Ed è proprio su questo che vorremmo proporre una riflessione. Oggi il voto finale è composto da un massimo di 40 punti assegnati durante il triennio e da altri 60 punti attribuiti nel corso dell’esame: 20 per la prima prova scritta, 20 per la seconda e 20 per il colloquio orale.
A nostro avviso questo equilibrio non valorizza adeguatamente il percorso scolastico di uno studente. Tre anni di studio, verifiche, interrogazioni, impegno quotidiano, crescita personale e costanza finiscono per avere un peso inferiore rispetto a tre prove sostenute nell’arco di pochi giorni. È difficile sostenere che due elaborati scritti di qualche ora rappresentino il 40% del valore complessivo di un percorso costruito in tre anni.

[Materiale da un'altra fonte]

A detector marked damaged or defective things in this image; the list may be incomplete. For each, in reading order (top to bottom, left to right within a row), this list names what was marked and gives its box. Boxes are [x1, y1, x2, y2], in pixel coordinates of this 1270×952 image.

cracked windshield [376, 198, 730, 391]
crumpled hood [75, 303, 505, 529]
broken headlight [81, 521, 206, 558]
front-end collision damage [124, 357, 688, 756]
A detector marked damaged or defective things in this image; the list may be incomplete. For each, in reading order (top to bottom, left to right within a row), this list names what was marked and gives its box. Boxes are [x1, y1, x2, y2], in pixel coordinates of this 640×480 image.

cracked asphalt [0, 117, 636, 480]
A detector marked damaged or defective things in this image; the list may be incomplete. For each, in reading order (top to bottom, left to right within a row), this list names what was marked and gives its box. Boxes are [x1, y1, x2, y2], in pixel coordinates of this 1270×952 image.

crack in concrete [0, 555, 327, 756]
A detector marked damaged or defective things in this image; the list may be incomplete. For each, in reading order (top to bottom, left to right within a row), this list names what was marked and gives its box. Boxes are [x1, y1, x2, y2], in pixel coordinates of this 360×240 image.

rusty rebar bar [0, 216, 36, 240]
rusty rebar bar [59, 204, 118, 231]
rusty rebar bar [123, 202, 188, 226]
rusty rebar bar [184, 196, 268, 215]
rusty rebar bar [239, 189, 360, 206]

Il risultato è che uno studente serio e preparato può vedere ridimensionato il proprio voto finale per una giornata storta, per l’emozione, per una prova particolarmente difficile o per una commissione particolarmente esigente. Allo stesso modo può accadere il contrario: prove particolarmente riuscite possono compensare un percorso scolastico meno brillante.

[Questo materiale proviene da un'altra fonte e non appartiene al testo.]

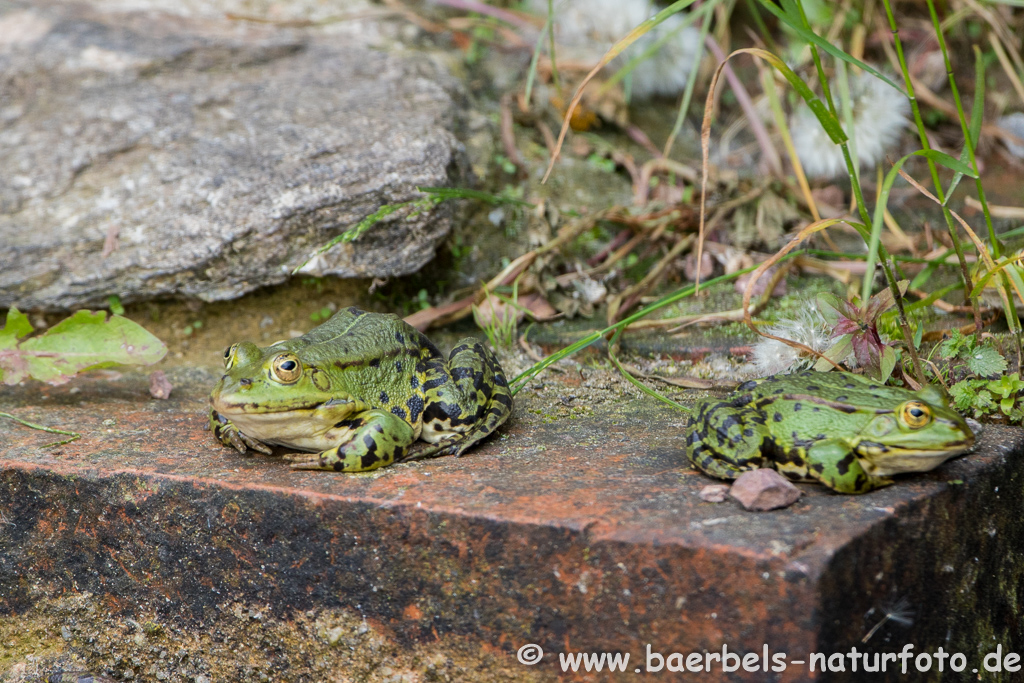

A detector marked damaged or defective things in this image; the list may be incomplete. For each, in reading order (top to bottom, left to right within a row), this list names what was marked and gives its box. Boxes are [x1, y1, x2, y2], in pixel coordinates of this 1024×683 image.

rusty brown stone surface [2, 370, 1024, 679]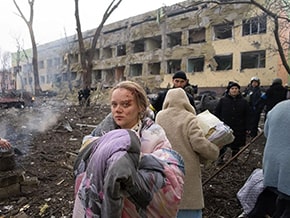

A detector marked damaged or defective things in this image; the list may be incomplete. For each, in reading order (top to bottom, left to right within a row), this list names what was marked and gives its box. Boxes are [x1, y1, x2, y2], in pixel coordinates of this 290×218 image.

broken window [188, 27, 206, 43]
broken window [213, 22, 233, 40]
broken window [241, 14, 266, 35]
shattered window frame [241, 14, 266, 35]
damaged building [12, 0, 288, 93]
broken window [214, 54, 232, 70]
shattered window frame [213, 54, 233, 71]
broken window [240, 49, 266, 69]
shattered window frame [240, 49, 266, 69]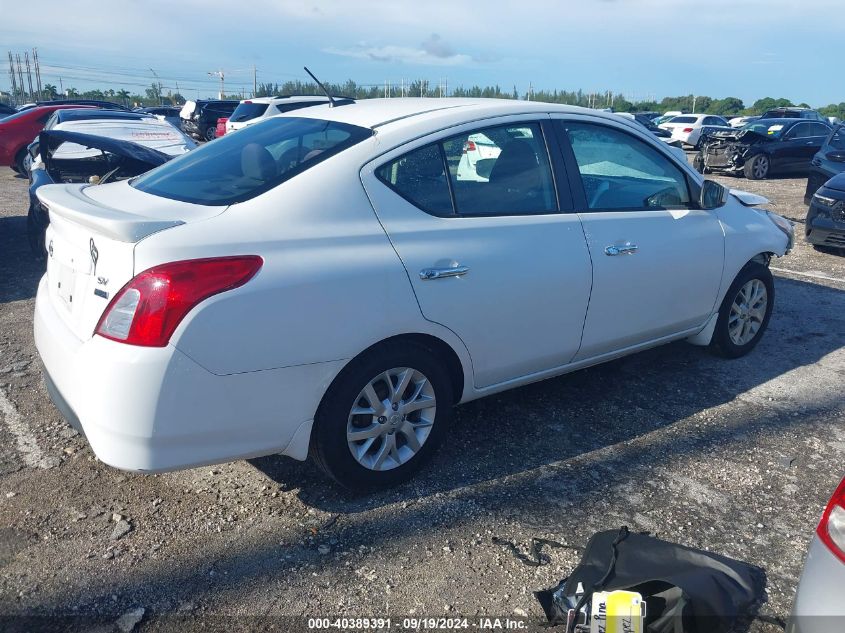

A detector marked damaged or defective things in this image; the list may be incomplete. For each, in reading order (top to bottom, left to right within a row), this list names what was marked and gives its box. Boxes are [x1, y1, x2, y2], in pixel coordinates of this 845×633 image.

damaged front end [696, 128, 768, 174]
damaged black sedan [692, 119, 832, 179]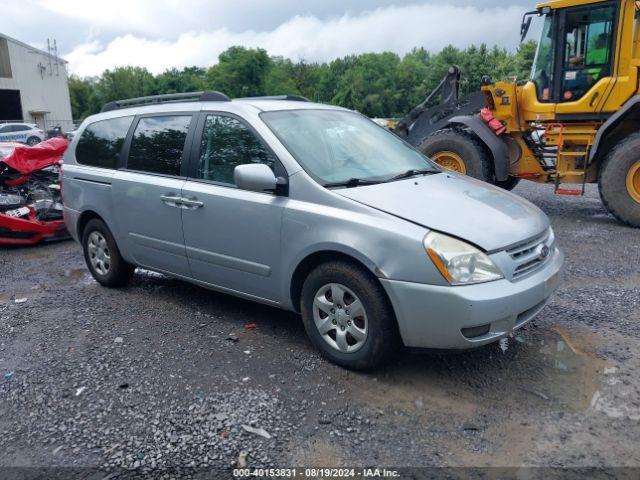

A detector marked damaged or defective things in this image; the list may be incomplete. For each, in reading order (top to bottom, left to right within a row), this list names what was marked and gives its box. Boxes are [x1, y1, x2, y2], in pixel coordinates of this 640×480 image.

crushed car hood [0, 137, 68, 178]
red damaged car [0, 137, 70, 246]
crushed car hood [336, 172, 552, 251]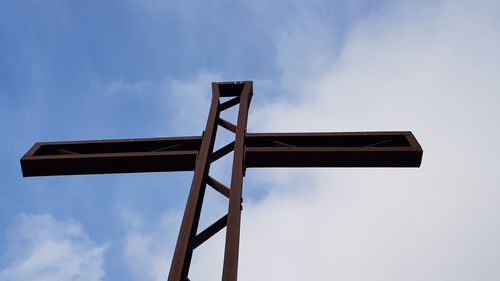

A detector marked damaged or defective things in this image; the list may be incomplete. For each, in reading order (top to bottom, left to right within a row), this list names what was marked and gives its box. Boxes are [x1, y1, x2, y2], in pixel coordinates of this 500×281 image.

rusted metal surface [21, 80, 424, 278]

Crediamo inoltre che vi sia un aspetto sul quale valga la pena riflettere. I crediti del triennio non sono attribuiti casualmente: rappresentano la sintesi di centinaia di ore di lezioni, verifiche, interrogazioni, esercitazioni e osservazioni da parte dei docenti. Sono il risultato di una valutazione costruita nel tempo. L’esame di Stato dovrebbe certamente certificare le competenze raggiunte, ma è giusto che poche ore di prove scritte possano incidere così tanto su un percorso già valutato nell’arco di tre anni?
Condividiamo invece il peso attribuito al colloquio orale. L’esame orale permette alla commissione di confrontarsi direttamente con il candidato, di verificarne la preparazione, la capacità di ragionamento, il senso critico e la maturità raggiunta. È probabilmente il momento dell’esame che meglio riesce a fotografare ciò che uno studente ha realmente acquisito. Comprendiamo anche le ragioni dell’attuale sistema: le prove nazionali servono a garantire criteri di valutazione quanto più possibile uniformi tra scuole diverse. È un principio importante, che nessuno mette in discussione.

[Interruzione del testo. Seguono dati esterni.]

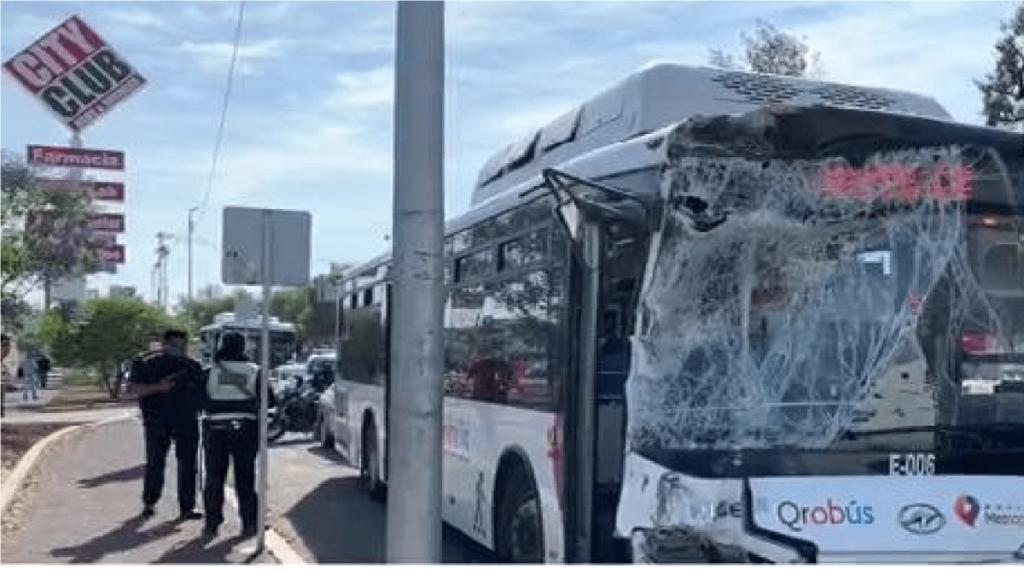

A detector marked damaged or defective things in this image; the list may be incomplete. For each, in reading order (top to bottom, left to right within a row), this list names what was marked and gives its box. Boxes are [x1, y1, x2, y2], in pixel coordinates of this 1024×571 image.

damaged bus [332, 63, 1020, 564]
shattered windshield [624, 147, 1024, 456]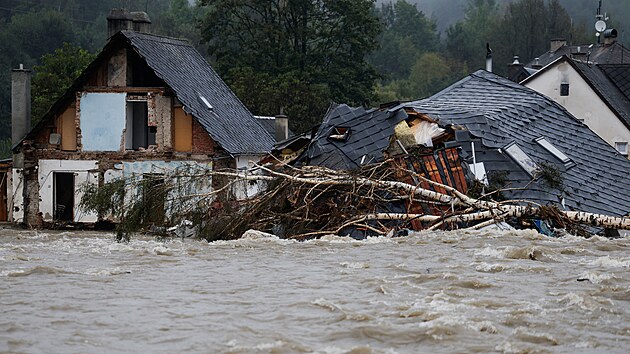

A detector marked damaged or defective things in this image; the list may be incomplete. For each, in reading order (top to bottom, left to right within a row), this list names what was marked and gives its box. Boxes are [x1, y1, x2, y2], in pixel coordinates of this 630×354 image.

damaged roof [121, 31, 274, 155]
damaged roof [308, 103, 410, 170]
damaged roof [402, 70, 630, 216]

La domanda, però, è un’altra: non sarebbe forse più equilibrato attribuire un peso maggiore al percorso scolastico, ad esempio portando i crediti del triennio a 50 punti e riducendo a 15 punti ciascuna delle due prove scritte, lasciando invariati i 20 punti del colloquio orale? In questo modo si continuerebbe a garantire il valore dell’esame finale, ma si riconoscerebbe anche il giusto peso all’impegno dimostrato con continuità durante gli anni di scuola.
Naturalmente questa è soltanto una riflessione, non una critica nei confronti dei docenti o delle commissioni, che svolgono con serietà e professionalità un compito delicato. Crediamo, però, che il confronto su questi temi sia sempre utile quando riguarda il futuro dei ragazzi.
In ogni caso, al di là di qualsiasi sistema di attribuzione del punteggio, il vero risultato della maturità non dovrebbe essere un numero scritto su un diploma. Ciò che conta davvero è ciò che uno studente ha imparato, le competenze che ha acquisito, il metodo di studio che ha costruito e la persona che è diventato durante il proprio percorso scolastico. Il voto finale dovrebbe rappresentare soprattutto una soddisfazione personale per l’impegno profuso in questi anni, non l’unico metro con cui misurare il valore di un percorso che dura tre anni e che, spesso, lascia molto di più di quanto possa raccontare un semplice numero.